In front of me, Seán is ignoring him. Seán is again cradling his hurl and his attention is focused God knows where. It’s as if nothing’s happened. It’s as if someone has taken a scalpel and cleanly excised the last five minutes. It’s as if nothing’s happened except that all the tension, all the potential, has evaporated out of Seán. He no longer sits square-shouldered and taut. He no longer bristles.
I’m looking down to where the crab apple sits nestled in a clump of cow parsley. I’m looking at Seán and I’m saying, ‘Why did you do that?’
Without turning around, Seán goes, ‘I don’t know.’
I can hear the confusion in him. I can hear the awareness. Again he says, ‘I don’t know.’
This is six years ago and this is the first time I ever see Seán hurting anyone or anything on purpose. Out of what anyone who isn’t me or Seán would call badness. This is six years ago and this is just after his Mam walks out on him and things start to go downhill for Seán. This is six years ago and I’m sitting in a tree, watching Seán’s big back and two days later Seán’s trying to pretend that he doesn’t have a black eye.

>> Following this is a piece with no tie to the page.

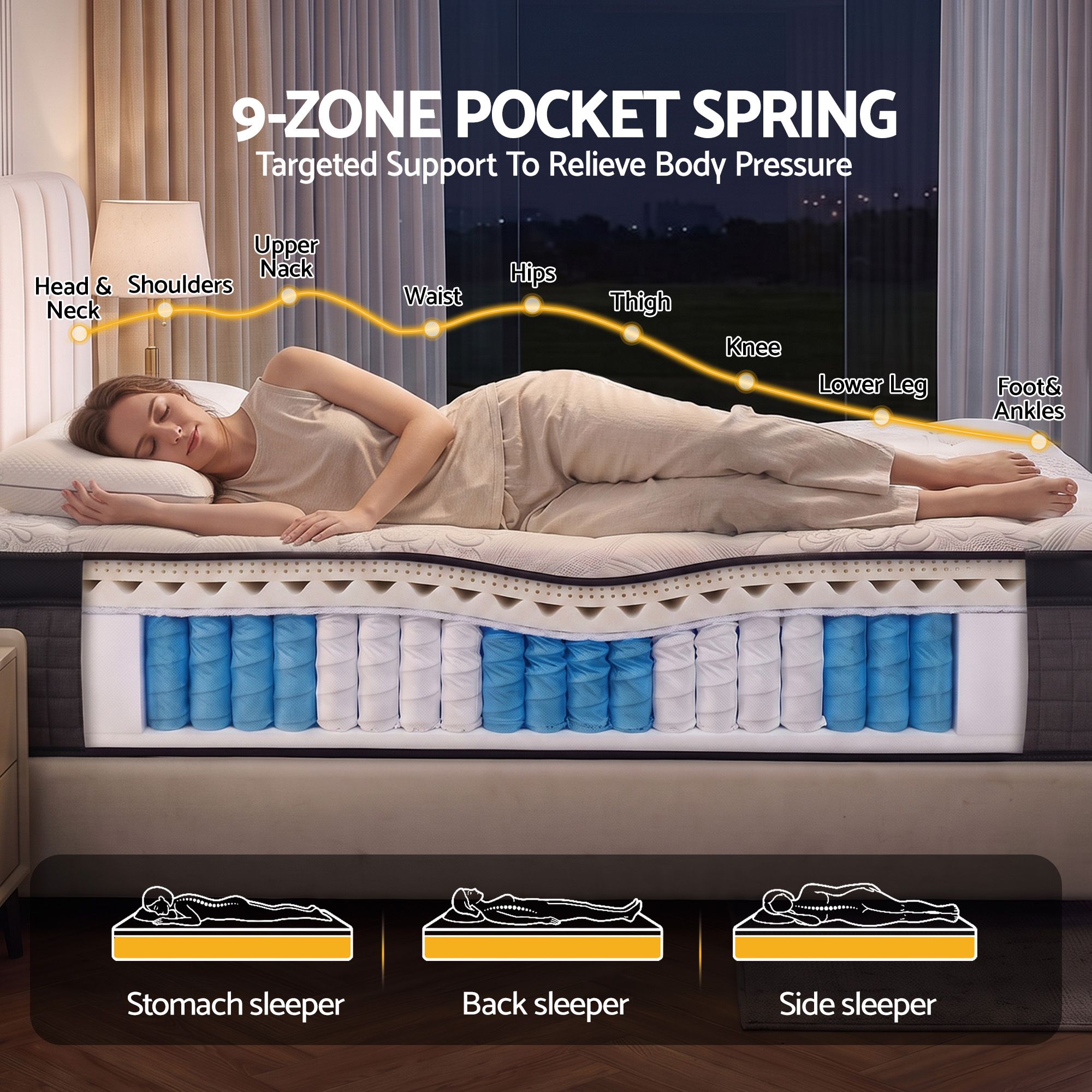 Giselle Bedding 34cm Mattress 9 Zone Latex Foam King โ image 5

A couple of days after I take the O’Hara’s puppy off Seán, I’m at soccer training. It is around eight o’clock and it’s black dark so we’ve got the floodlights on. My club can only afford to have floodlights along one side of the pitch and they’re mounted on these old, grey telephone poles. This means that we can only train on one half of the pitch while the other side is a swamp of black ink. The floodlights are these incredibly bright supernovas of things and they light the training area with a cold, white brilliance. They turn the world into calico and black. They turn the world into a negative.
Because the light is so harsh and uneven it’s very hard to do ball work. As soon as the ball goes above the arc of the lights it simply disappears and even if you keep it on the deck it’s only lit on one side, like a half moon. This means an awful lot of shuttle runs. An awful lot of sit-ups. An awful lot of laps.

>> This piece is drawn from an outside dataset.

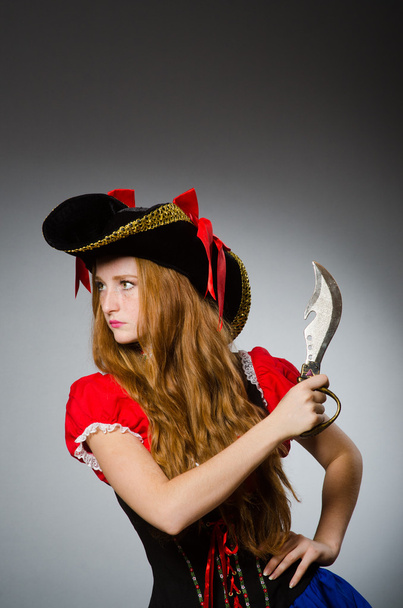 Woman pirate with sharp knife - Foto, Imagem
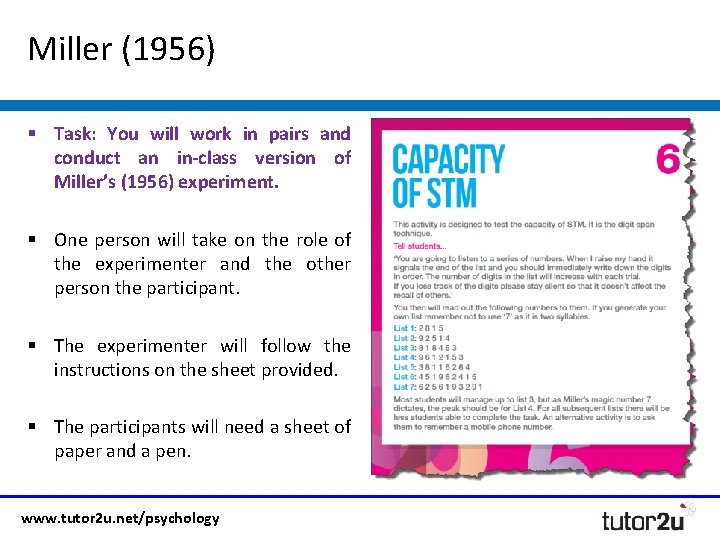 Miller (1956) § Task: You will work in pairs and conduct an in-class version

I am a goalkeeper and I don’t like this stuff. I don’t see the point. What difference does it make whether I can do twenty laps when the longest distance I’ll have to run in a game is twenty yards?
This is a source of much contention at the moment, and me and Rory, the other keeper, are almost at the point of open rebellion.
We’re sitting in the moth-haunted glare of a floodlight, the soles of our boots touching and we’re passing a ball to and fro, gloved hands to gloved hands. It’s basically a form of sit-ups just with a ball included. In the eye of the floodlight my breath is a billowy ghost and I can hear Rory groan as he raises himself off the wet grass. I can feel the mud and the cold and the water soaking through my shorts. This is a joke altogether.
I’m thinking this and I must say something because Rory, he goes, ‘I agree. We should say something.’